- Service: Tax, Budget 2013
- Type: Press release
- Date: 20/03/2013
Following consultation launched in February, the Government has confirmed its intention to introduce rules as of 1 April this year which will require companies bidding for Government contracts to certify whether or not they have been involved in failed tax avoidance schemes. Today’s budget includes some significant changes to the original proposals.
Commenting on the amended proposals announced today, Chris Morgan, head of tax policy at KPMG said: “The changes announced today show the benefit of an open and constructive dialogue between HMRC and business. The stated intention of the new rules is to change future behaviour, to ensure companies bidding for Government contracts do not engage in tax avoidance, contrary to thre intention of Parliament. But as drafted they were so wide and unclear in scope that either it would have been impossible to apply them or they would have resulted in lengthy legal disputes. Either way this would have been bad for business and the Government. The changes bring much greater clarity and mean suppliers should be able to get on with their business of proposing for contracts while the Government can ensure companies do play by the tax rules.”

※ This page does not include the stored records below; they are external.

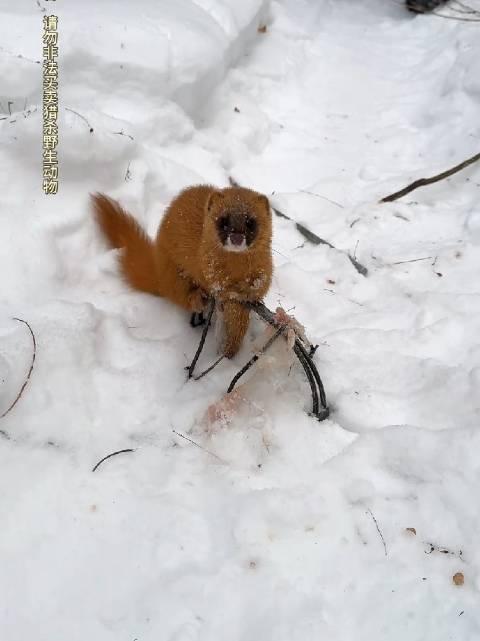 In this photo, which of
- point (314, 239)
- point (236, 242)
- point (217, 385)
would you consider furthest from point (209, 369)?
point (314, 239)

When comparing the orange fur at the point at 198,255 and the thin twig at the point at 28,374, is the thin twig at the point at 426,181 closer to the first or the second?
the orange fur at the point at 198,255

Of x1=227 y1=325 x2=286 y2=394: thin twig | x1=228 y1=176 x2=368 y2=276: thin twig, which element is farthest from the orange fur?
x1=228 y1=176 x2=368 y2=276: thin twig

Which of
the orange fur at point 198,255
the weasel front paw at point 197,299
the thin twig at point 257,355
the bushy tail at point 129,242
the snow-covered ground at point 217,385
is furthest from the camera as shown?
the bushy tail at point 129,242

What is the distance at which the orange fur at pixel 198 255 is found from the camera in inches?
76.2

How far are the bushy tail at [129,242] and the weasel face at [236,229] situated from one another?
1.92ft

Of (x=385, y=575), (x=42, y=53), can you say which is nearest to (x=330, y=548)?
(x=385, y=575)

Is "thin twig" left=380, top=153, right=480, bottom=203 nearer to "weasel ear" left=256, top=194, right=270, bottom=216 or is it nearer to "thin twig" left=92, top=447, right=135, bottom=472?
"weasel ear" left=256, top=194, right=270, bottom=216

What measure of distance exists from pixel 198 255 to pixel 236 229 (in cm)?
29

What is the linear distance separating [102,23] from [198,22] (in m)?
0.77

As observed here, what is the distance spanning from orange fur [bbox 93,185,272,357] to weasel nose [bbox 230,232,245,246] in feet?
0.25

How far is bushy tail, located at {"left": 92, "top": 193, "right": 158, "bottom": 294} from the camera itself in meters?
2.36

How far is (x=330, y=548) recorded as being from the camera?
1.46 m

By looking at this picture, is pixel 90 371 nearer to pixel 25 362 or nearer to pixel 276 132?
pixel 25 362

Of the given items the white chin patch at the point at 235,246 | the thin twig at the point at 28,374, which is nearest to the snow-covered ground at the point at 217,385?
the thin twig at the point at 28,374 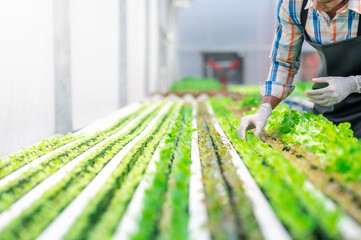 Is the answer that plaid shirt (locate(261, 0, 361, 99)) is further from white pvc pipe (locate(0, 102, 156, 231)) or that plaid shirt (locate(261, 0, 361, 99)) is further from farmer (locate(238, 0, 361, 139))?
white pvc pipe (locate(0, 102, 156, 231))

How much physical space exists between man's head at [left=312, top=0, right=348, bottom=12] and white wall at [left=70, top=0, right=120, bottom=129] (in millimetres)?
2068

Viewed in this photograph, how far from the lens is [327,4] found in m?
1.72

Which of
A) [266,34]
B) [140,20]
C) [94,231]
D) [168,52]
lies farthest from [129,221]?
[266,34]

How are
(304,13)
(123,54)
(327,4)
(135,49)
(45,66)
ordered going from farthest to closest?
(135,49) → (123,54) → (45,66) → (304,13) → (327,4)

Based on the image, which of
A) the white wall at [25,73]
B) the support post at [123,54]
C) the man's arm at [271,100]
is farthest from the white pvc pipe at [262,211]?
the support post at [123,54]

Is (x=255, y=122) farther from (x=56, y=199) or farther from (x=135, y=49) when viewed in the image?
(x=135, y=49)

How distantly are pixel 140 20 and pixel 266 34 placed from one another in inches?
396

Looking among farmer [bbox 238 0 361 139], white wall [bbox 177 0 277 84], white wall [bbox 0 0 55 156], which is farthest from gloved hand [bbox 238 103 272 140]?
white wall [bbox 177 0 277 84]

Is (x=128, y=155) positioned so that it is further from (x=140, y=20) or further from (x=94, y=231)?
(x=140, y=20)

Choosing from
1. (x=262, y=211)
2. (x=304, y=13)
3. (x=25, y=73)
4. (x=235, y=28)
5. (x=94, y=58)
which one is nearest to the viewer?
(x=262, y=211)

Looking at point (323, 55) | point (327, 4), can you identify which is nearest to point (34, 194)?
point (327, 4)

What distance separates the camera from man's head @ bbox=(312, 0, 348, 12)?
1711 millimetres

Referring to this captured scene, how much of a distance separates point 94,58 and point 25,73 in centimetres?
157

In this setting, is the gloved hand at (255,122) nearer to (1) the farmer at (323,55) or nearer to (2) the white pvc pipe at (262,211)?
(1) the farmer at (323,55) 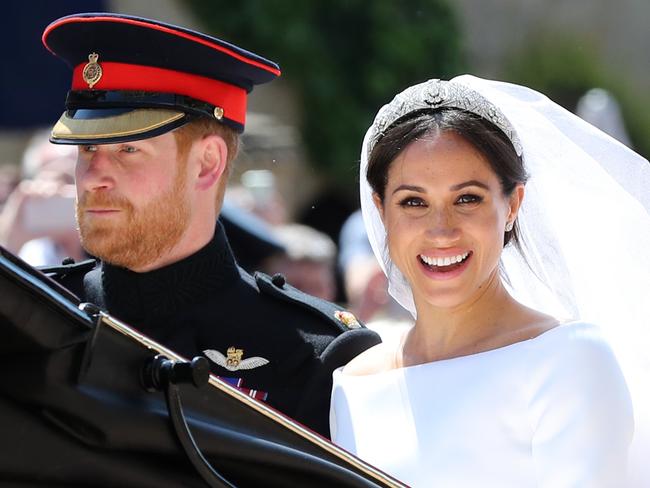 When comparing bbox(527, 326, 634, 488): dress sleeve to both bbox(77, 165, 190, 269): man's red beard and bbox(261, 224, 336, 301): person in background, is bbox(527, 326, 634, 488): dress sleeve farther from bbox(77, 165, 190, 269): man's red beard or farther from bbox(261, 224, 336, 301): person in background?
bbox(261, 224, 336, 301): person in background

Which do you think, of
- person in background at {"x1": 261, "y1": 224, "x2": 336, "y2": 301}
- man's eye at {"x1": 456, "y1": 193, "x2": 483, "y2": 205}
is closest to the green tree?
person in background at {"x1": 261, "y1": 224, "x2": 336, "y2": 301}

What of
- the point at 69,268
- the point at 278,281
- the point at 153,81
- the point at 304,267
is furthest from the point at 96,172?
the point at 304,267

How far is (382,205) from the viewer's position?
280cm

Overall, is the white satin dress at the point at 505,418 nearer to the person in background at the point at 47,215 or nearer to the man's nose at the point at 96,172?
the man's nose at the point at 96,172

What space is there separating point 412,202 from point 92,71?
2.73 feet

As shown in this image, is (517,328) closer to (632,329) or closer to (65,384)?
(632,329)

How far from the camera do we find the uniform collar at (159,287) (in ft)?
9.61

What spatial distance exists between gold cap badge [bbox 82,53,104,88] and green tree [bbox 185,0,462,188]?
14145 millimetres

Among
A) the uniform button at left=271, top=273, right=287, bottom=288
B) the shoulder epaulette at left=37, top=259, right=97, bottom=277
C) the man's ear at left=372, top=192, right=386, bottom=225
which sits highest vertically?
the man's ear at left=372, top=192, right=386, bottom=225

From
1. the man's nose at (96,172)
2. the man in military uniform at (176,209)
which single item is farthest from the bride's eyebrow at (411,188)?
the man's nose at (96,172)

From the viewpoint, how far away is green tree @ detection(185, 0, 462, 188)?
17.3 m

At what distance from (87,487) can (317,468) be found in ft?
1.06

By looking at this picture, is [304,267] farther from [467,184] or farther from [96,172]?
[467,184]

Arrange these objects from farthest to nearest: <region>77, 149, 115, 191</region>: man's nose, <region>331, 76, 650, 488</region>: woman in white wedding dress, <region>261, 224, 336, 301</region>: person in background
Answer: <region>261, 224, 336, 301</region>: person in background → <region>77, 149, 115, 191</region>: man's nose → <region>331, 76, 650, 488</region>: woman in white wedding dress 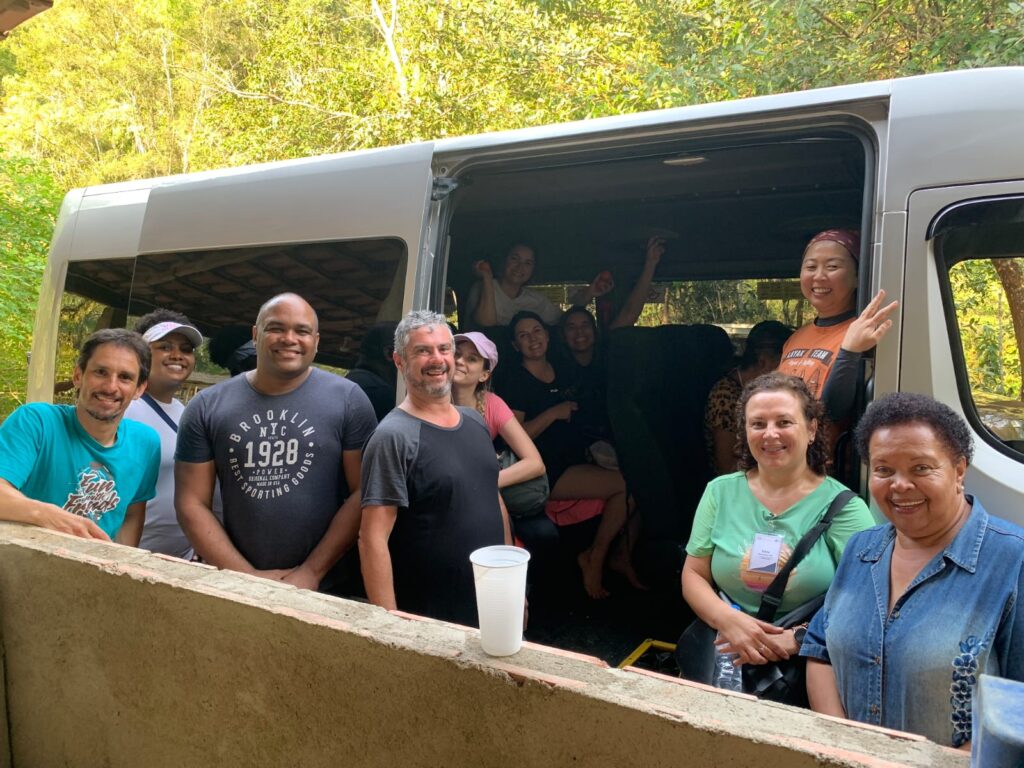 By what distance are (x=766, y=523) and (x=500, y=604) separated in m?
1.13

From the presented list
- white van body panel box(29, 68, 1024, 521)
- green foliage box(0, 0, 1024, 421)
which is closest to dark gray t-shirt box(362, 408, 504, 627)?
white van body panel box(29, 68, 1024, 521)

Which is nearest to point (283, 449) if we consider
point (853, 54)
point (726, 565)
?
point (726, 565)

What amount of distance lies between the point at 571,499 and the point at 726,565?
1879 mm

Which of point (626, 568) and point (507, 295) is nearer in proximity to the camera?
point (626, 568)

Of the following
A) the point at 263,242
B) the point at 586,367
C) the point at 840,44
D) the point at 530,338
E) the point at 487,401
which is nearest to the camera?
the point at 487,401

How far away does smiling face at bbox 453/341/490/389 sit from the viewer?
129 inches

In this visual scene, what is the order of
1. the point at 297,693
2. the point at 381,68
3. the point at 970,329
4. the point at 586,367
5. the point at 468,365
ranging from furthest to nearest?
the point at 381,68
the point at 586,367
the point at 468,365
the point at 970,329
the point at 297,693

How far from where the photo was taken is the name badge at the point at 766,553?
7.59 feet

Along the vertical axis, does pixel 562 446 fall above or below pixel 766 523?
above

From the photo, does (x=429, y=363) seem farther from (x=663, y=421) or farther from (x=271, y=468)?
(x=663, y=421)

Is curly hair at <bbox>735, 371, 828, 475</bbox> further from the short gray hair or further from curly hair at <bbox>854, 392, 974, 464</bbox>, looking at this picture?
the short gray hair

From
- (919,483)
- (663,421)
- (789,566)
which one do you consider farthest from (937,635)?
(663,421)

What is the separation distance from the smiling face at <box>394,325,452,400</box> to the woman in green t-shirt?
980 mm

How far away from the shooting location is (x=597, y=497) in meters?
4.26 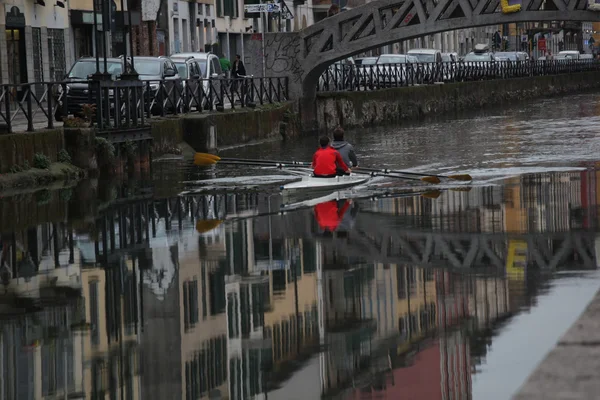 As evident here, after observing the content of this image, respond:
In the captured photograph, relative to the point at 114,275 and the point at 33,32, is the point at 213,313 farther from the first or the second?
the point at 33,32

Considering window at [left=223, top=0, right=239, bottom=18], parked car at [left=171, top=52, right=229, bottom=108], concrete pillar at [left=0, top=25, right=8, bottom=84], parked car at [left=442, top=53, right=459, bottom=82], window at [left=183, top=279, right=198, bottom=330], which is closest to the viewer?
window at [left=183, top=279, right=198, bottom=330]

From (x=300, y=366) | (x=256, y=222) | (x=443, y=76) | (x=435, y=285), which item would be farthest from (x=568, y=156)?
(x=443, y=76)

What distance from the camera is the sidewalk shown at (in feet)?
21.7

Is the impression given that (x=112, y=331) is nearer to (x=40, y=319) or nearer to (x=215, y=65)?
(x=40, y=319)

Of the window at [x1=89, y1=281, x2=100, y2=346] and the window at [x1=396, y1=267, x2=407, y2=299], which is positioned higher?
the window at [x1=396, y1=267, x2=407, y2=299]

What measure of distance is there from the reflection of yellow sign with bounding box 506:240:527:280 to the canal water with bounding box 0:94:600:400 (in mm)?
28

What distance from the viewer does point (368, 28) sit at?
5016 centimetres

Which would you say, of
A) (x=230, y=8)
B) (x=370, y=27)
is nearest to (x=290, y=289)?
(x=370, y=27)

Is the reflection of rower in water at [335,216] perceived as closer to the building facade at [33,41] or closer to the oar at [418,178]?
the oar at [418,178]

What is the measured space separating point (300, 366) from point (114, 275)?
16.5 ft

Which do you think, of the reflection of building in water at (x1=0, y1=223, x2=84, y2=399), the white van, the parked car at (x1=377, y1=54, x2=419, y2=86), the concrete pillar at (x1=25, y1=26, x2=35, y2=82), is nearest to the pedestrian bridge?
the parked car at (x1=377, y1=54, x2=419, y2=86)

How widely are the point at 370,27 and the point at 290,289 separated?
124 feet

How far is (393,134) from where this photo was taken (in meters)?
45.4

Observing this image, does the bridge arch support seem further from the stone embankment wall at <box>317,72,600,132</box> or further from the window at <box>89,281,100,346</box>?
the window at <box>89,281,100,346</box> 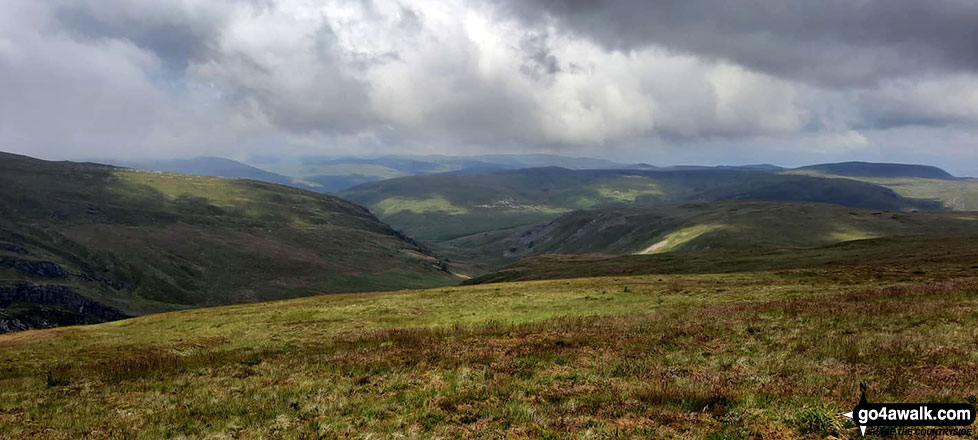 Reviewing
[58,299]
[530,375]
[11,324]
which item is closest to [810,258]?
[530,375]

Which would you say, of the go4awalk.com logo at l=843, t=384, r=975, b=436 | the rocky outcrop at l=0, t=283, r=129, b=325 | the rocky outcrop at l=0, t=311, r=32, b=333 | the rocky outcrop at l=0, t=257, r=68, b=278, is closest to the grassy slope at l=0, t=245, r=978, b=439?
the go4awalk.com logo at l=843, t=384, r=975, b=436

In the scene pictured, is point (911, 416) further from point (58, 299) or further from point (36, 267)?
point (36, 267)

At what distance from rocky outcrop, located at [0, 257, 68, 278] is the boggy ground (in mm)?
153501

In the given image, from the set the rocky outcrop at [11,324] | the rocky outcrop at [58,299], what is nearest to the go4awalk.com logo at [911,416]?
the rocky outcrop at [11,324]

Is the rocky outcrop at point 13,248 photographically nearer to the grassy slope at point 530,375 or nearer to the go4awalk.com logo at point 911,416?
the grassy slope at point 530,375

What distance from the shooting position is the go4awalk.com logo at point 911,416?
9672 millimetres

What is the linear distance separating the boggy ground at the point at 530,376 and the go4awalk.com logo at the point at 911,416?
478 mm

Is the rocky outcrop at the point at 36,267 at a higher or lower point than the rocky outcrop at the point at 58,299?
higher

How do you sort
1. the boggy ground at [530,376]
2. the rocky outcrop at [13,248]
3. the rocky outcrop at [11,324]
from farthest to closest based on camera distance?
1. the rocky outcrop at [13,248]
2. the rocky outcrop at [11,324]
3. the boggy ground at [530,376]

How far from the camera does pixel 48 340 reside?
36781 millimetres

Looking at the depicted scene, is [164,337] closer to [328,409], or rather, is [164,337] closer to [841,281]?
[328,409]

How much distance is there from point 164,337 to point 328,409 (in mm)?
29969

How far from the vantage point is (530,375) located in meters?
16.9

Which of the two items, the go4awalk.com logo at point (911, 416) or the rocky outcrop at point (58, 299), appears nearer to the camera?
the go4awalk.com logo at point (911, 416)
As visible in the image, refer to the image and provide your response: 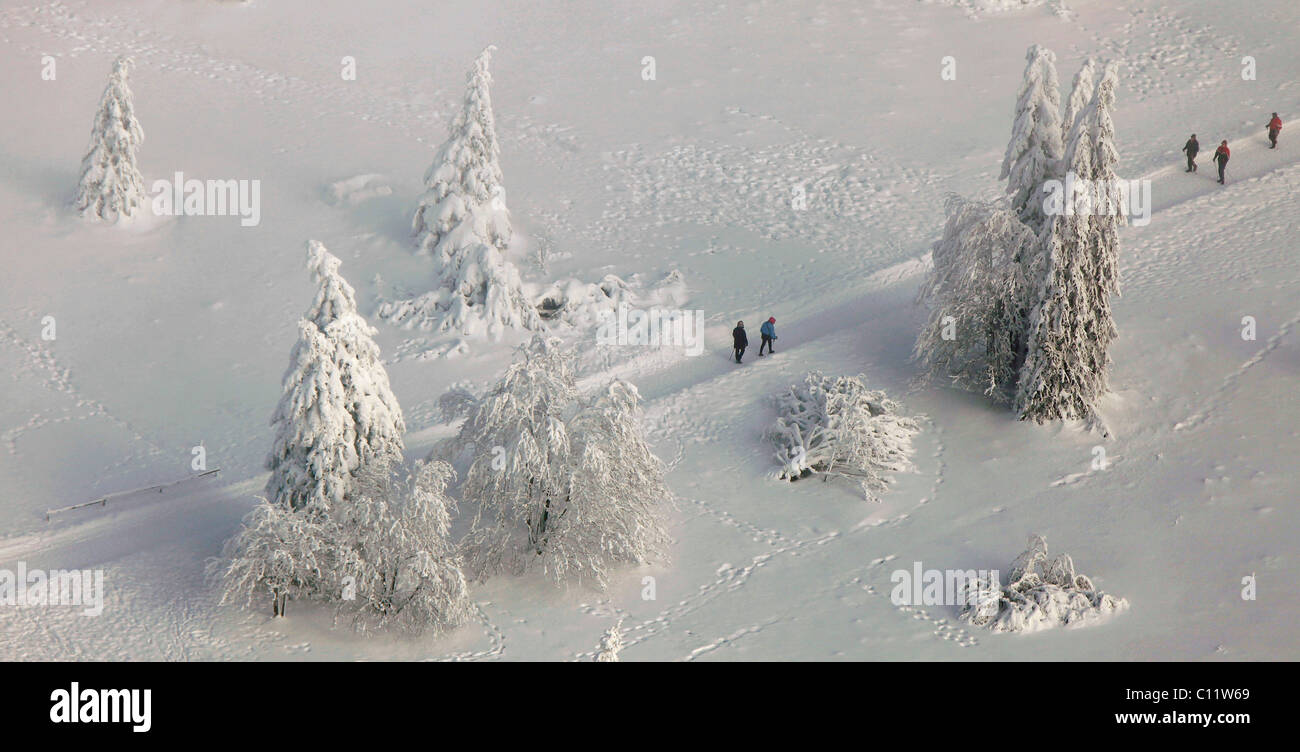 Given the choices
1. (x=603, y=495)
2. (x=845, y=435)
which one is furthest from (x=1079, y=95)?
(x=603, y=495)

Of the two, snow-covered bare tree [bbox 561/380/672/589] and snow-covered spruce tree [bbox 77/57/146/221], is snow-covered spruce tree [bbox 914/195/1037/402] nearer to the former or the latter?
snow-covered bare tree [bbox 561/380/672/589]

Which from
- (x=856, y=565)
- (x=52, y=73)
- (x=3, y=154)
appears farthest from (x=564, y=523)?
(x=52, y=73)

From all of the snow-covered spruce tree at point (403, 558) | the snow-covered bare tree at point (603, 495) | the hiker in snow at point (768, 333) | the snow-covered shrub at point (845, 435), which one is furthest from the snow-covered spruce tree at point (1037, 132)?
the snow-covered spruce tree at point (403, 558)

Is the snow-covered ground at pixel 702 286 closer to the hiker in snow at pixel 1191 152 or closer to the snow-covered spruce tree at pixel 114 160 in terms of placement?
the hiker in snow at pixel 1191 152

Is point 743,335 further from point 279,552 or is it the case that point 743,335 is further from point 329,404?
point 279,552

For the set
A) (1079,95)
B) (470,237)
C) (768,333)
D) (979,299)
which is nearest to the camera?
(1079,95) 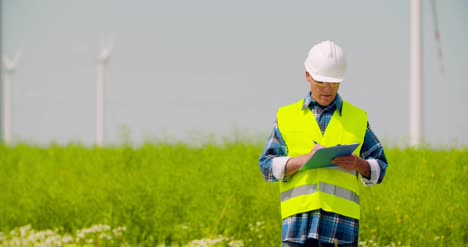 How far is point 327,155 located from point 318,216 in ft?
1.09

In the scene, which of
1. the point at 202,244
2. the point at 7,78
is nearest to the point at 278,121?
the point at 202,244

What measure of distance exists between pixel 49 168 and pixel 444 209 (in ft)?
20.6

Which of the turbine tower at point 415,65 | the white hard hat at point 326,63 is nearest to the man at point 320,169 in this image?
the white hard hat at point 326,63

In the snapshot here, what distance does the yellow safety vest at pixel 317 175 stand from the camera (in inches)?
140

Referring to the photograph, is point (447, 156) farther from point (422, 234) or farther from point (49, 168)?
point (49, 168)

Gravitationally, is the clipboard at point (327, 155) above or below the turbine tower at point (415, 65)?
below

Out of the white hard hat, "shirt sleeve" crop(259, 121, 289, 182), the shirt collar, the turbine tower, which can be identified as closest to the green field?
the turbine tower

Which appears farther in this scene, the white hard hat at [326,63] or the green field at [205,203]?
the green field at [205,203]

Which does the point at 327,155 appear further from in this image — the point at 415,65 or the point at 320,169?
the point at 415,65

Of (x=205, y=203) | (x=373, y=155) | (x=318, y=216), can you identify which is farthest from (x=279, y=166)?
(x=205, y=203)

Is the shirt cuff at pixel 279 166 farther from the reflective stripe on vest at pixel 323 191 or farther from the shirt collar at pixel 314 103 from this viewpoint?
the shirt collar at pixel 314 103

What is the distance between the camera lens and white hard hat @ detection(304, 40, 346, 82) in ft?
11.4

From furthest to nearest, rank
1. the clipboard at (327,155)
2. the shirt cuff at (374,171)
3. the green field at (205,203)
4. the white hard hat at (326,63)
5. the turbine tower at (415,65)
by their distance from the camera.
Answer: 1. the turbine tower at (415,65)
2. the green field at (205,203)
3. the shirt cuff at (374,171)
4. the white hard hat at (326,63)
5. the clipboard at (327,155)

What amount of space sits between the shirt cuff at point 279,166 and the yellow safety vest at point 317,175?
97 millimetres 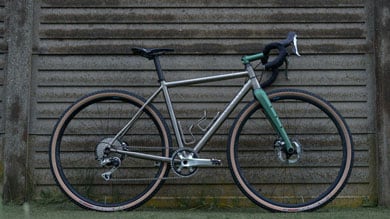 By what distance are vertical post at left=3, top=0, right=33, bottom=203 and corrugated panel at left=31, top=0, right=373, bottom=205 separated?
81mm

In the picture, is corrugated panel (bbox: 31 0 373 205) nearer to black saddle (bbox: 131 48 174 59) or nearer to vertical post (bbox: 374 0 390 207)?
vertical post (bbox: 374 0 390 207)

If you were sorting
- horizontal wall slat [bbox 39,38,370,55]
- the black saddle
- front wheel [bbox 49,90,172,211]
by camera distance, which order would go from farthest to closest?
horizontal wall slat [bbox 39,38,370,55] → front wheel [bbox 49,90,172,211] → the black saddle

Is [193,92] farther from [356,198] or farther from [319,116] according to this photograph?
[356,198]

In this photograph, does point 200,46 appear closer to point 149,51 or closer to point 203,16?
point 203,16

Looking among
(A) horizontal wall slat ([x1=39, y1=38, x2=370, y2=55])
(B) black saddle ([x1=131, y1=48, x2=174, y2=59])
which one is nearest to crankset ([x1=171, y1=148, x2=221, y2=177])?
(B) black saddle ([x1=131, y1=48, x2=174, y2=59])

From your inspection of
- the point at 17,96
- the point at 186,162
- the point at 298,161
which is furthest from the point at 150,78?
the point at 298,161

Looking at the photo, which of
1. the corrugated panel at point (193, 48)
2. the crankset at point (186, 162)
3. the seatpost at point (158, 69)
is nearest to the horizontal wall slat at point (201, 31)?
the corrugated panel at point (193, 48)

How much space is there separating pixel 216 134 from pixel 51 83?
127cm

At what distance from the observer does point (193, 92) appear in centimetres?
377

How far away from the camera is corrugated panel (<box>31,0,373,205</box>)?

The changes to the original proposals are significant. In particular:
- Most importantly they will only apply to events of default after 1 April 2013. The original proposal required companies to go back 10 years to identify such events.
- The definition of event of default is clarified. This occurs when a company has to amend its tax return due to the application of the new general anti-avoidance principle (GAAR), the Halifax Abuse principle (relevant for VAT), entering into a scheme that has or should have been notified to HMRC under existing anti-avoidance rules (the Disclosure of Tax Avoidance Scheme or DOTAS rules) or a conviction for tax evasion.
- It is the “economic operator” as defined by procurement rules that has to make the certification and it is not necessary to consider related companies.
- Foreign suppliers will only have to certify compliance with overseas rules only where equivalent rules exist.
- The threshold will be contracts worth £5m.